Lo curioso del caso es que venia empujando dicho coche que calculando su peso ascendía a los 20 kilos por mas de 20km con un inclemente sol y lo mas curioso era que le faltaba otros 5 km aproximadamente para llegar a su destino. Ella segun informacion que suministró iría a hacer su venta a un evento que se realizaba al sur de la ciudad.
Mujeres como estas son el común denominador de mujeres aguerridas de mi ciudad, mujeres que no les importa su cansancio con tal de llevar algún alimento a sus casas, que con base en su creatividad y sazón peculiar logran captar algunos dineros fugases en eventos esporádicos.
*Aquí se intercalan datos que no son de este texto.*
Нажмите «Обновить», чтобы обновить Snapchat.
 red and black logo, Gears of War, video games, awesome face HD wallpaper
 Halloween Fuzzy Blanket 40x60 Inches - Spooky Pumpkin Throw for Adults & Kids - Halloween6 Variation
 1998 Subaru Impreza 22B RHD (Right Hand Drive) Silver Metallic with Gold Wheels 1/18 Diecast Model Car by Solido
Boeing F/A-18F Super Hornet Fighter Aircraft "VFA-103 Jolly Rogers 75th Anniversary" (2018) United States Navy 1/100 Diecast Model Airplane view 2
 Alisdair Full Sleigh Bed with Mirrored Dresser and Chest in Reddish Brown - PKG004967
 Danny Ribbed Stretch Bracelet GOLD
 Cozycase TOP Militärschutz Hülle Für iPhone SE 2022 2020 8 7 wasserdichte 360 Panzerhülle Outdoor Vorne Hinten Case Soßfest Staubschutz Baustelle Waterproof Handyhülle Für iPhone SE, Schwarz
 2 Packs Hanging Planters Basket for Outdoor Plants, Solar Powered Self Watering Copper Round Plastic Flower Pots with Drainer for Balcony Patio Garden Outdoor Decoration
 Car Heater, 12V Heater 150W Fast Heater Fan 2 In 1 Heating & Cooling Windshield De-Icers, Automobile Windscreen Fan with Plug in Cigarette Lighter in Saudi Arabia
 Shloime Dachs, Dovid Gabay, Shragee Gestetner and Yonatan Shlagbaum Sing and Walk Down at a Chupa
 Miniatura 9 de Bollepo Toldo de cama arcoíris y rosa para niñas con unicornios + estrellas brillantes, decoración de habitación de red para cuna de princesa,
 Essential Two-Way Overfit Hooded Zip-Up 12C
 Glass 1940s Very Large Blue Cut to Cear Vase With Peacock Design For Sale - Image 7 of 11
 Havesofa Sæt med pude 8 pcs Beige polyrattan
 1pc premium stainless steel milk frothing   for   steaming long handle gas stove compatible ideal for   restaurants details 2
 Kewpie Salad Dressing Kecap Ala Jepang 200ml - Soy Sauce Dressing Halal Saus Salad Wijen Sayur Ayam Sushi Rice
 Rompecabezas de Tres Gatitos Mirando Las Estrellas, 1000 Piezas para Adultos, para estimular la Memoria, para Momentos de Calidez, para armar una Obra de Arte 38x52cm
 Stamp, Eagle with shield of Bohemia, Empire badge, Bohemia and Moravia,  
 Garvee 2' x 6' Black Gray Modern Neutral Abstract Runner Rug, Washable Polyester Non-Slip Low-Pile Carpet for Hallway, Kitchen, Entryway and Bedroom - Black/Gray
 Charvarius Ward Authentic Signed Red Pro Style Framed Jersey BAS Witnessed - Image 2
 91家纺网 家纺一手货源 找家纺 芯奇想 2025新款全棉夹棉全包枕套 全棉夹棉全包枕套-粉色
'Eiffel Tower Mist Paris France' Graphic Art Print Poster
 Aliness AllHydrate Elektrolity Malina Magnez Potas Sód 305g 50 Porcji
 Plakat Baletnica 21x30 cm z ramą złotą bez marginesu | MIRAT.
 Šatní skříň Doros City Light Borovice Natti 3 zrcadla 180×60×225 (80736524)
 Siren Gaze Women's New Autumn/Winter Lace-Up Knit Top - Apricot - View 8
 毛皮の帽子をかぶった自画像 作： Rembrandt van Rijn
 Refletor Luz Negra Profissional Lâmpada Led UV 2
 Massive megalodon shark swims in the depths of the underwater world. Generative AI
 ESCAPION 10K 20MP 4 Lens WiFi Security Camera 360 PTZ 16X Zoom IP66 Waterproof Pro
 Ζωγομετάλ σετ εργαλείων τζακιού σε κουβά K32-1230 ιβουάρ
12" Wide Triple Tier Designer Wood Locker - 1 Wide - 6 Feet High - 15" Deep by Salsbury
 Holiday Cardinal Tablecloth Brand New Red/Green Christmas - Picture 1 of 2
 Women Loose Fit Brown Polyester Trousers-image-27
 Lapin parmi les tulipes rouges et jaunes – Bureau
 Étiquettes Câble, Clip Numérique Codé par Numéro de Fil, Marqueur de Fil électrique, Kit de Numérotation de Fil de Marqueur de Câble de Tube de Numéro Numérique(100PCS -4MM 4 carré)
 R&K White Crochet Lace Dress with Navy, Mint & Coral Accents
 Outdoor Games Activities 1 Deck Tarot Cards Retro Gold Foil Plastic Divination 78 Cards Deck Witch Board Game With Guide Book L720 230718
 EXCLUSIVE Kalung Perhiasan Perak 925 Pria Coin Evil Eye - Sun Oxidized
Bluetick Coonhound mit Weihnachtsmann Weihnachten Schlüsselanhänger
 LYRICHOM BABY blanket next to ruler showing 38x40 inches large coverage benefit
Infortunadamente, en la ciudad la economía mas emergente es la informal, la vendedora de arepas, de jugos, de minutos a celular, el negocio casero, entre otros ….. este tipo de negocio es cada vez mas cotidiano a nuestros ojos; pero si nos llamó la atención hacer un reconocimiento especial a aquellas mujeres valientes y esforzadas por sus familias.
Porque esperar un día especial para felicitar a aquellas mujeres anónimas pero valerosas. Que Dios bendiga la obra de sus manos y les fructifique al máximo todo lo que hagan.